Она соскользнула. Встала на колени и заботливо приклонила голову.
Она продолжалась для меня как Наташа. Наташа – гадина. Мразь послушная, рабыня. Пока твой муж в вагончике храпит в беспамятстве. Язык скотины! Сейчас. Еще. Сейчас!
Летний яркий день, тяжелый и обильный, умер.

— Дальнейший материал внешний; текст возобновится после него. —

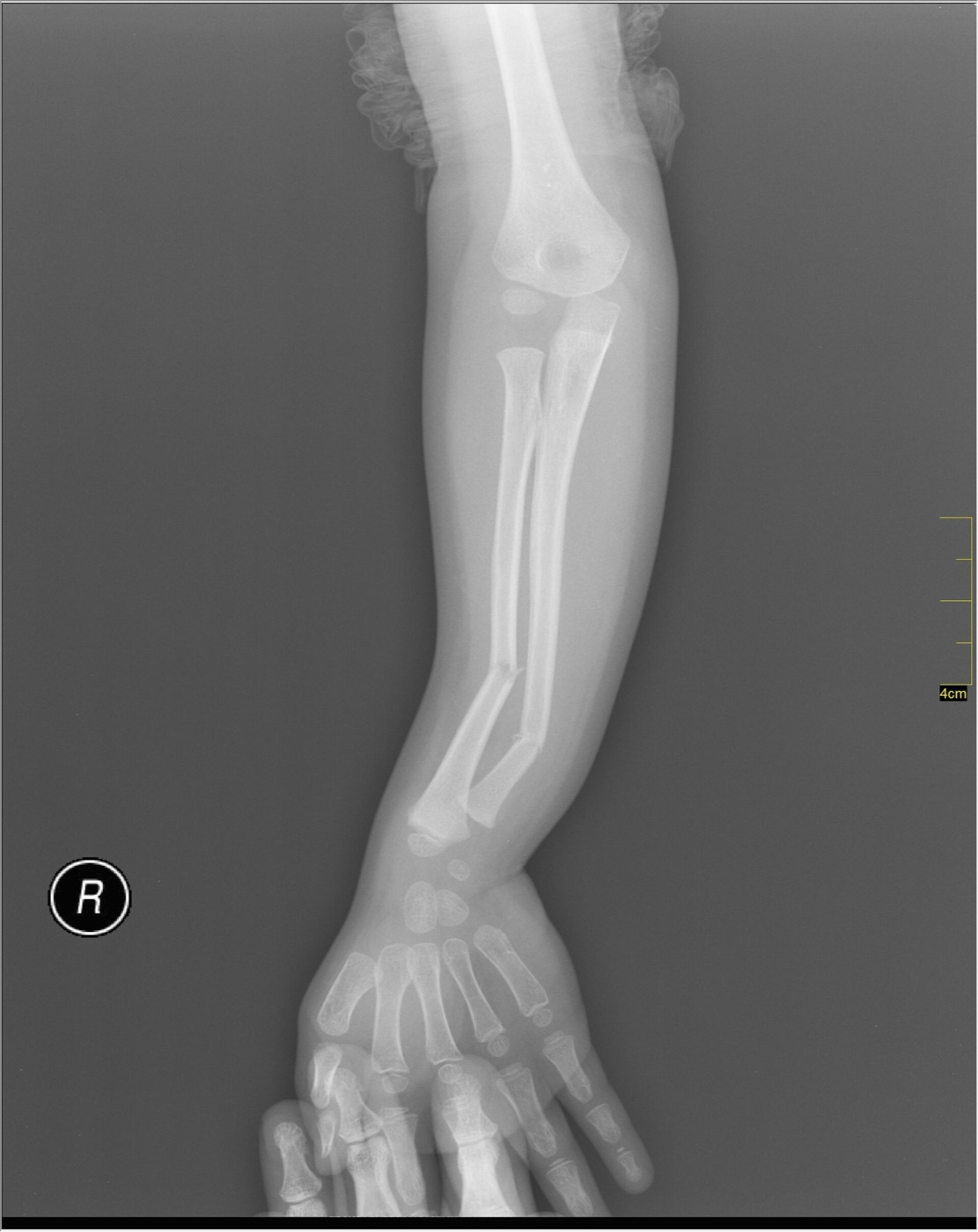 Figure 1. A displaced both-bone diaphyseal fracture of the radius and ulna (a paediatric example: four-fifths of forearm-shaft fractures occur in children). Nevit Dilmen, CC BY-SA 3.0, via Wikimedia Commons.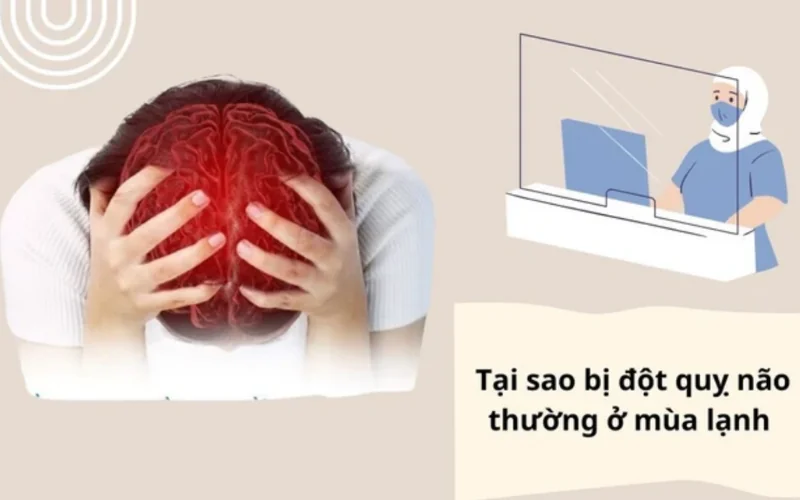 Đột quỵ não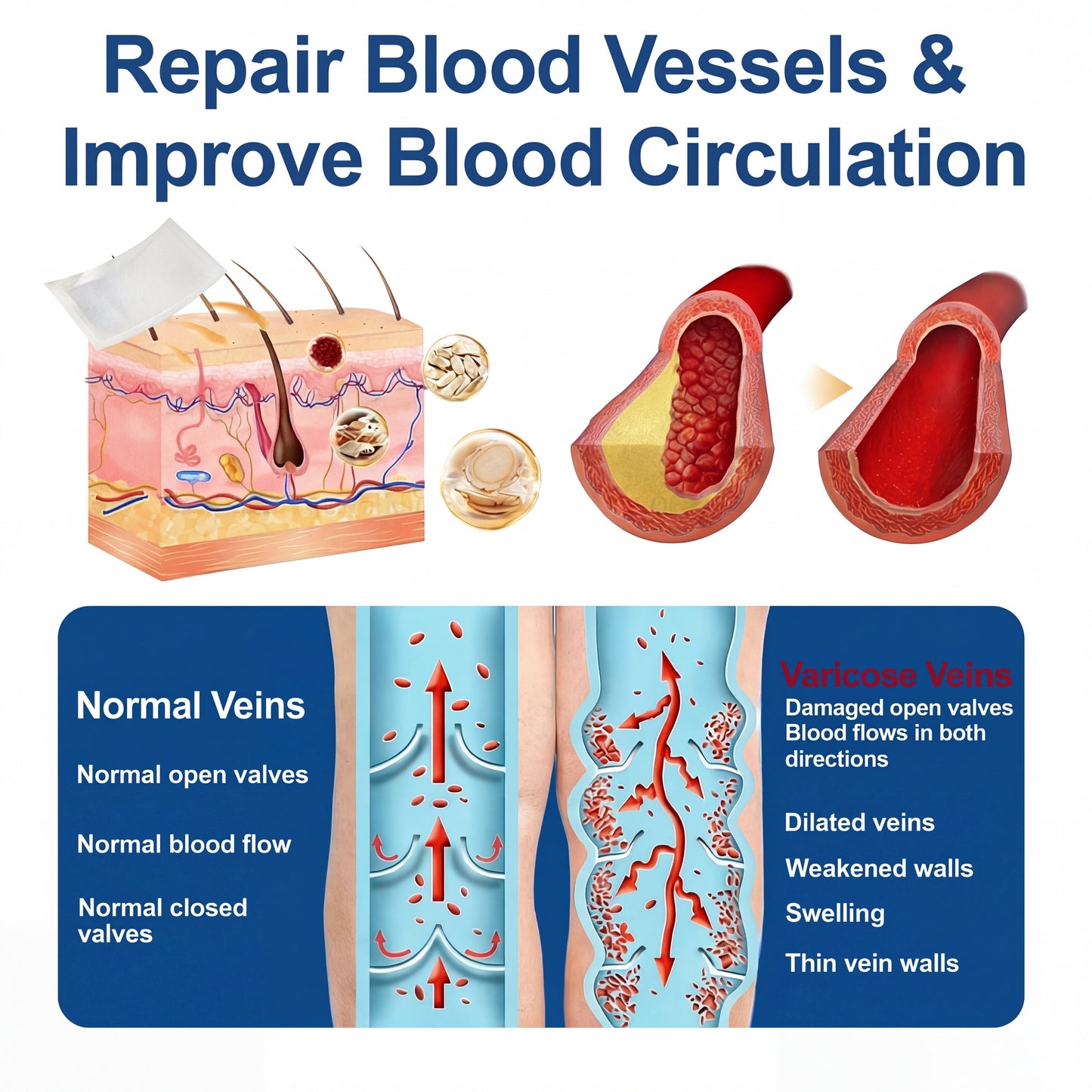 🇺🇸CareUplift® VeinTarget 🦵 Microneedle Patch – Relieves Leg Swelling & Varicose/Spider Veins ✅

Я лежал, опростившимся пустым сознанием касаясь ночных пределов будущего дня.
Отдышался, окрестил кровать, стены, потолок, колыбель в двух шагах от нас.
Сверху шумело и скрипело. Взорвалось победное «апчхи!» – очередной клич Пети, звонко пожелала здоровья Ульяна.
– Вася, – нащупал я имя в темноте. – Я думаю, болезнь для него благословение. Каждому дается по вере.
– А жена его? Дочка? – зашептала Аня. – Их нельзя оставить одних. Бог не допустит.
– Может, он так Бога любит, что бежит к нему вприпрыжку. Помнишь, он говорил: я – шаг, Бог – два.
– Не помню, нет.
– Ань?
– Да?
– Я тебя люблю. И Ваню люблю.
Мы лежали и засыпали. Мы удалялись каждый в свой сон. Засыпая, я со смиренным сожалением знал, что сны наши не совпадут, как не пересекутся параллельные прямые.
Сны будут рядом, как наши головы на подушках, но не сольются в единственный сон для двоих.
Мне приснился городской дом из детства, второй этаж, в окне – весна. Первые листочки, клейкие, склеивают веки, если пристально смотреть. Сон в окне. Сон во сне.
Была Пасха. Крупный план. Темно-коричневый кулич с белоснежной глазурью на макушке и много яиц, простых, луковых, разрисованных цветными карандашами моей детской рукой.
Крупный план. Букет столовых серебрящихся приборов на красной скатерти.
Звонок в дверь.
– Христос воскресе! – закричал я вместо «кто там?».
Жозефина стояла на лестничной площадке. Я сразу узнал ее. Облик ее был невнятен, но она пришла из прежних снов.
– Я очень добрая, мой отрок! – нежная музыка речи.
Следующий кадр. Гостья стала четче, но с лицом Наташи. Она откусила половину от широкого куска кулича, крошки посыпались, упали на скатерть и на ее зеленое платье, снежинка забилась в декольте.
Ободряющая улыбка.
Крупно. Смуглые пальцы на красной скатерти с дрожью перебирали приборы. Они оживали и очеловечивались от ее прикосновений.
– Это мои детки! – заблестела застенчивая ложечка, затрепетало отважное ситечко.